My overall long-term outlook on Tesla is bullish but the price of the stock has clearly outpaced the progress that the company has made. Perhaps one day we will all wish we bought Tesla at even $200, but ahead of today's earnings announcement, I would recommend cashing in on at least some of your long position and take advantage of any correction. Click to enlarge(Chart from: Ycharts.com)
2014 may tell a different tale
With massive stock growth, media coverage, and talk around the world, it was clear that 2013 was the year of Tesla and Elon Musk. Last May Tesla reported a profit beyond analysts' expectations and the stock price took a massive leap while creating one of the largest short squeezes in history. The Model S was an incredible success and overachieved in every category you could place it in: technology, safety, luxury, practicality, EV or anything else you could imagine. It was no surprise that Elon was consistently praised for his achievements and often compared to Steve Jobs due to his ability to innovate. However, with Tesla being priced so high and beyond its true value, whether it's priced for future growth or not, I believe that 2014 will tell a different story for the stock.
A short interest chart taken from the NASDAQ website shows January ended with nearly 25% of all shares being shorted.
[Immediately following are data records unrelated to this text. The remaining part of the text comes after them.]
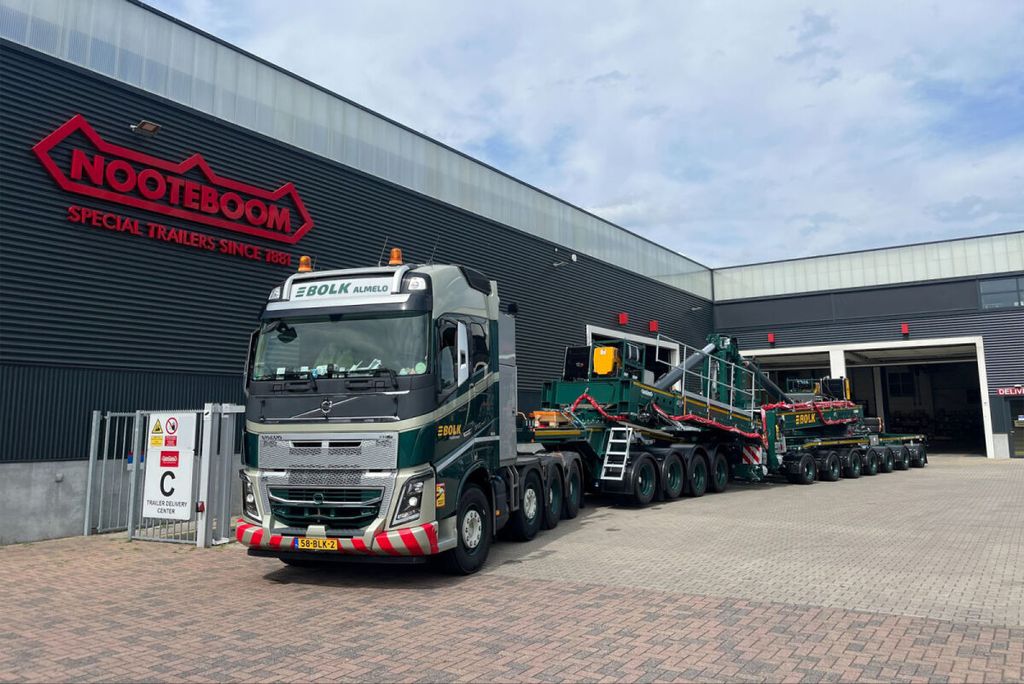 bolk-volvo-fh5-globetrotter-xl-8x4-wind (2)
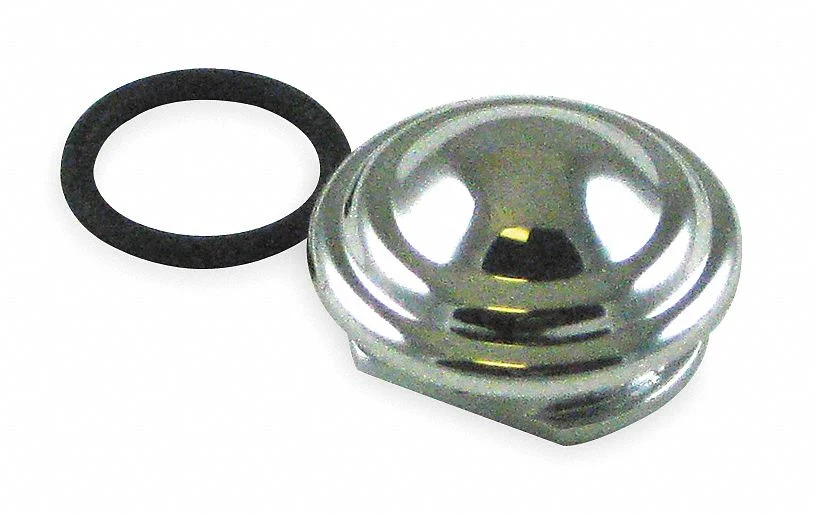 American Standard C1913627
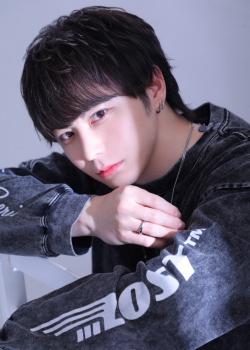 亜嵐 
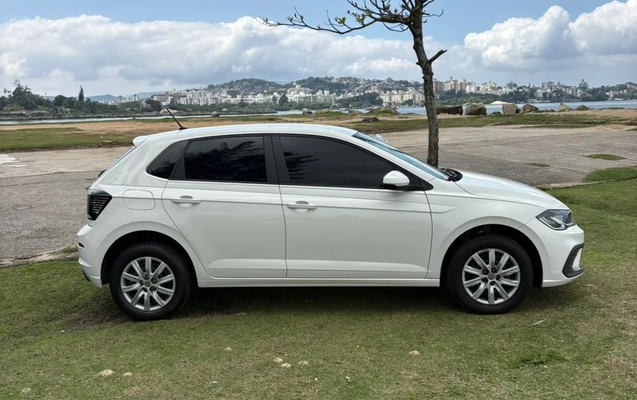 imagem-https://www.socarrao.com.br/sc-vehicle-images-prod/4364320/1792091997680-003_4c1d45d74256abd337bc61b2f7a06bb6.jpg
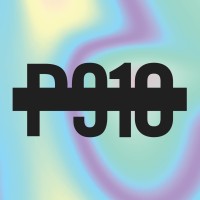 Projects910 logo - Similar company to Mr Wolf Legal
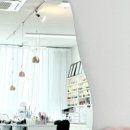 더빛나 이미지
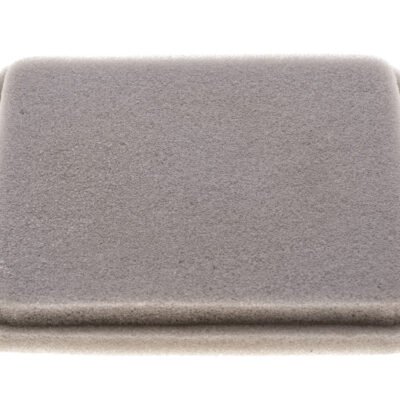 Oro filtras Briggs & Stratton Sprint 1200A originali dalis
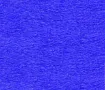1436250_2.jpg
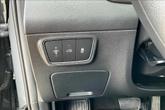Thumbnail of 2024 Hampton Gray Hyundai SANTA CRUZ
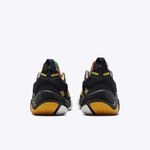 [Kixpress] Nike Giannis Immortality 2 大童 籃球鞋 運動 字母哥 倒勾 黑彩 [DQ1943-002], , large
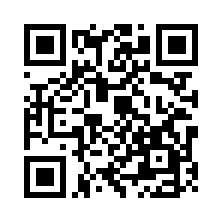 QR Code for 17bcSBoeViS8TnsRCZ2JfnWn8ZzoiZUDAa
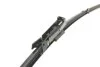 Щетка стеклоочистителя К-Т БЕСКАРКАСНЫЙ SILENCIO® / 555/555 MM / VF364 Valeo 574464 (фото 3)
Although this isn't the first time this happened, there is a large difference between having 25% of all shares short when the price is over $200, versus a price under $50. Unless there will be very positive information that can justify the current price, it is highly unlikely that the short holders will get burned like before.
(Chart from nasdaq.com)
I understand the future potential here
Just to be clear, I understand that the Model S, along with the Roadster, is probably the greatest thing the automobile industry has ever seen. The Model S is so out of every other EV or hybrid vehicle's league that it isn't even designed to compete with them. Instead we find the Model S competing with the luxury sector with great success. After all, it is attractive, fast, high-tech, economical, practical, and safe, all while being good value. It truly is quality at its finest. In fact, if I was planning on spending anywhere near $50k on any vehicle, I would decide to spend a little more and go for the Model S. Given my common needs in a vehicle along with the savings in maintenance, fuel and Elon's reiterated promise of good resell value, choosing this car is easy. Unfortunately though, this does not apply to the stock. At least for now.
The rule of buying low and selling high clearly applies here, and anyone who actively trades their position should consider pulling back on some of their investment as Tesla has shown to be very volatile following earnings. The recent upward trend has probably made many smile, but I would hate to see them all wiped off due to the desire for more gains. Long-term investors - and I mean long-term - may find that such a potential dip may not harm their investment at all, but it could take years before the current price levels actually become validated from revenue and growth.
To conclude, I simply wanted to share this as today is an important day for Tesla shareholders and is probably the last day to act ahead of volatile days that are likely to come. Unless Tesla surprises us, it is likely that a downtrend will follow.
Disclosure: I have no positions in any stocks mentioned, but may initiate a short position in TSLA over the next 72 hours. I wrote this article myself, and it expresses my own opinions. I am not receiving compensation for it (other than from Seeking Alpha). I have no business relationship with any company whose stock is mentioned in this article.